*** Opening GIVEN INFORMATION ***

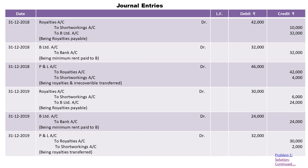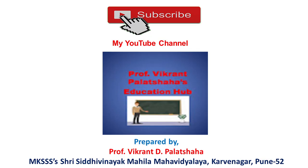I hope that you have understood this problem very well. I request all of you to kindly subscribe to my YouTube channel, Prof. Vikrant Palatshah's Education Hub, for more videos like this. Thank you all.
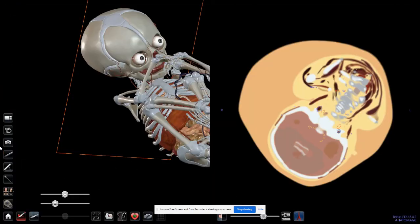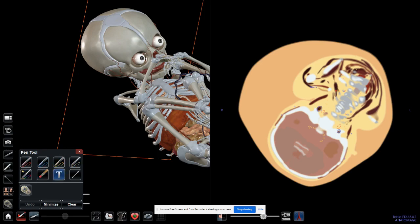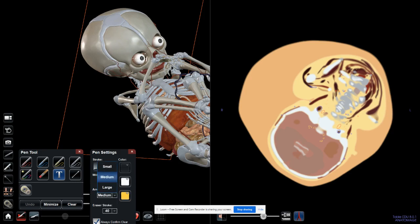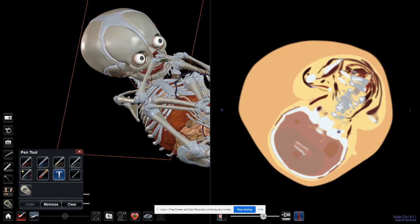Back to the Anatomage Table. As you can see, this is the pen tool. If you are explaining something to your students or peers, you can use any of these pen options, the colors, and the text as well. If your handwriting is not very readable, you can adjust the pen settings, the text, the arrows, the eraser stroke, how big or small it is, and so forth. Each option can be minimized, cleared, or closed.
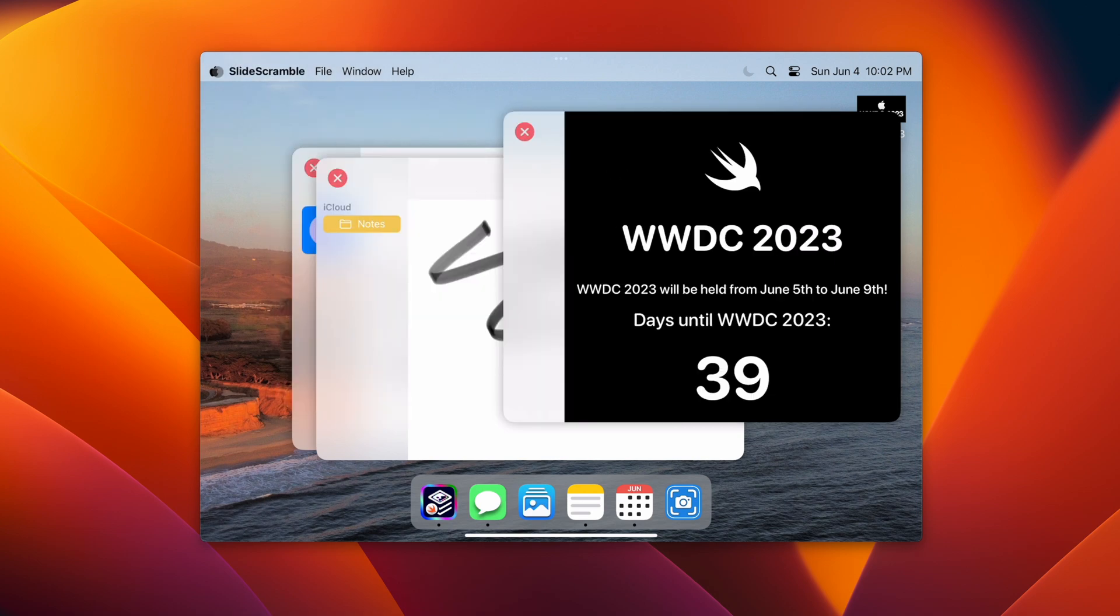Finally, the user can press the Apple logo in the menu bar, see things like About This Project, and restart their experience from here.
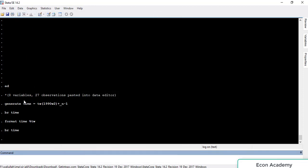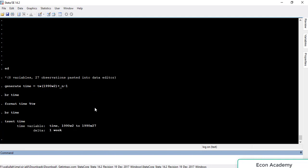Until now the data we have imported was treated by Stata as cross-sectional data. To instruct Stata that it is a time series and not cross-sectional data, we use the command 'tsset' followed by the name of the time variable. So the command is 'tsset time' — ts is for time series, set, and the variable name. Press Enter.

*** Closing GIVEN INFORMATION ***

TASK —
Reproduce the data above in full, exactly, with the images removed.

RESULT OF THE TASK —
I hope that you have understood this problem very well. I request all of you to kindly subscribe to my YouTube channel, Prof. Vikrant Palatshah's Education Hub, for more videos like this. Thank you all.
Back to the Anatomage Table. As you can see, this is the pen tool. If you are explaining something to your students or peers, you can use any of these pen options, the colors, and the text as well. If your handwriting is not very readable, you can adjust the pen settings, the text, the arrows, the eraser stroke, how big or small it is, and so forth. Each option can be minimized, cleared, or closed.
Finally, the user can press the Apple logo in the menu bar, see things like About This Project, and restart their experience from here.
Until now the data we have imported was treated by Stata as cross-sectional data. To instruct Stata that it is a time series and not cross-sectional data, we use the command 'tsset' followed by the name of the time variable. So the command is 'tsset time' — ts is for time series, set, and the variable name. Press Enter.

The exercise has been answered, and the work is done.